Using samples of individuals from administrative lists of elderly persons. This would ensure that (i) the rate of follow-up of individuals would be high due to the use of a list sample, and (ii) that persons in all types of community and institutional residence would be followed.

Asking about ADL, IADL and physical performance measures separately. All measures should also include a criterion for chronicity (e.g. 90+ days) and an assessment of the modes of acute and LTC services used to address those needs.

Following all persons in the sample over time. This is so that disability improvements as well as documents can be assessed. In certain cases a screening survey will be the most cost-effective design, in which case persons who are disabled and receive a detailed interview must continue to receive that interview and persons who screen out as nondisabled must be rescreened for chronic disability in later surveys.

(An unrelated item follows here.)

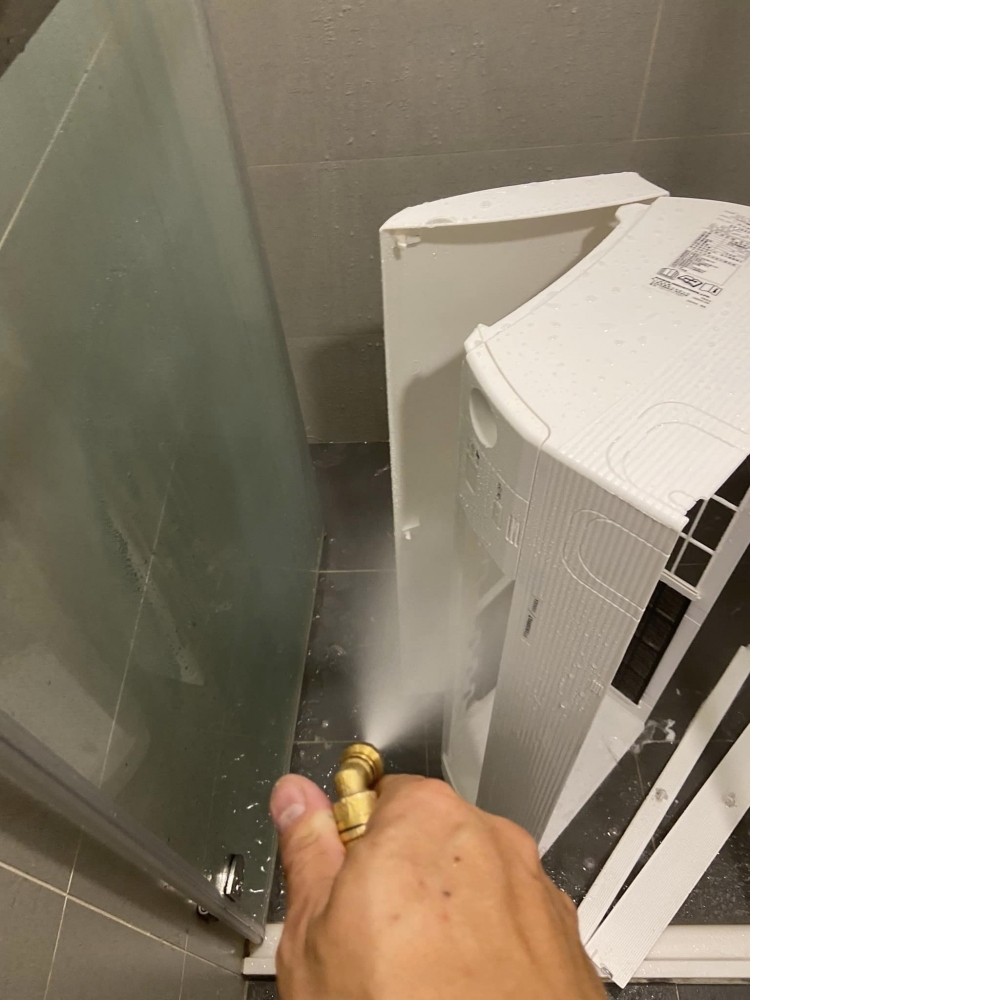 台北洗冷氣【迅霆水電】內湖冷氣清洗、內湖冷氣維修，網友5星好評推薦！新北洗冷氣、桃園洗冷氣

  • Ensuring cross-sectional, as well as longitudinal, national representation. This requires that a replenishment sample of persons "aging in" be drawn from the primary list sample sources.
  • Permitting varying periodicity (time between surveys) so long as the period can be collapsed or grouped for cross-national trend comparison. For example, if one is interested in short term individual changes in disability the appropriate sample interval might be one year. If shifts in the population distribution of disability are of greater concern then a longer interval (e.g. five years) is acceptable and more cost effective.
  • Linking survey records to administrative data on health services used and mortality.
  • Keeping interviews relatively short. Duration should be 15 minutes or less for screens, and 50 minutes or less for detailed interviews of disabled or institutionalized persons. For disabled elderly persons an in-person interview is necessary given the potential effects of disabilities on responses.

5. CONCLUSION

There have recently been moderate to large declines in chronic disability in the elderly in many countries. In countries where no decline has been observed there is little consistent recent evidence of chronic disability increases after adjusting for population age composition and trends in the rate of institutionalization.

With respect to the future, we recommend that national longitudinal surveys of similar sample design and instrumentation be done in a number of developed countries. Such an approach will yield valid cross-national comparisons of change in chronic disability in the elderly population. Such cross-national comparisons can help both in the design of new policies and in monitoring differential effects of disability on the national economics of major developed countries. Such studies could be of particular value in regions where market integration is being implemented, e.g., what effect would these differences have in the European Union; in trade zones in the Americas.